:: ENTRIES PROVIDED

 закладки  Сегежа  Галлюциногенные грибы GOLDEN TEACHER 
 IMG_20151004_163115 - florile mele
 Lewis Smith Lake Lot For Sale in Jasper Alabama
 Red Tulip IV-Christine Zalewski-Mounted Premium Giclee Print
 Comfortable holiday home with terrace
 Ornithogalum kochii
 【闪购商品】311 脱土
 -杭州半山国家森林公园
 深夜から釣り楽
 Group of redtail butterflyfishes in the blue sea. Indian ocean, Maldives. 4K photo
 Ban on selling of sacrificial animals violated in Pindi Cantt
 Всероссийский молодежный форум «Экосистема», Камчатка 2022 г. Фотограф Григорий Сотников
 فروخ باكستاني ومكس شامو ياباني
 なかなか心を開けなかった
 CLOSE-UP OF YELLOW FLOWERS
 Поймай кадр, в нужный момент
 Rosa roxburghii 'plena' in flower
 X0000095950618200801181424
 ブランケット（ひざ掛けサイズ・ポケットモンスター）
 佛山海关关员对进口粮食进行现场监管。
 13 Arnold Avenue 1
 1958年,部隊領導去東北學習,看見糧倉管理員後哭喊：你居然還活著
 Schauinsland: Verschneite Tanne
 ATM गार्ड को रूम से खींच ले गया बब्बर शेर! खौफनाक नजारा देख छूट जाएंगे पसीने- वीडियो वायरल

::::

* [PROBLEM DETAILS]
Output only the lines that run from the one containing "-杭州半山国家森林公园" through the last line of the material above, both included.

* [RESPONSE]
 -杭州半山国家森林公园
 深夜から釣り楽
 Group of redtail butterflyfishes in the blue sea. Indian ocean, Maldives. 4K photo
 Ban on selling of sacrificial animals violated in Pindi Cantt
 Всероссийский молодежный форум «Экосистема», Камчатка 2022 г. Фотограф Григорий Сотников
 فروخ باكستاني ومكس شامو ياباني
 なかなか心を開けなかった
 CLOSE-UP OF YELLOW FLOWERS
 Поймай кадр, в нужный момент
 Rosa roxburghii 'plena' in flower
 X0000095950618200801181424
 ブランケット（ひざ掛けサイズ・ポケットモンスター）
 佛山海关关员对进口粮食进行现场监管。
 13 Arnold Avenue 1
 1958年,部隊領導去東北學習,看見糧倉管理員後哭喊：你居然還活著
 Schauinsland: Verschneite Tanne
 ATM गार्ड को रूम से खींच ले गया बब्बर शेर! खौफनाक नजारा देख छूट जाएंगे पसीने- वीडियो वायरल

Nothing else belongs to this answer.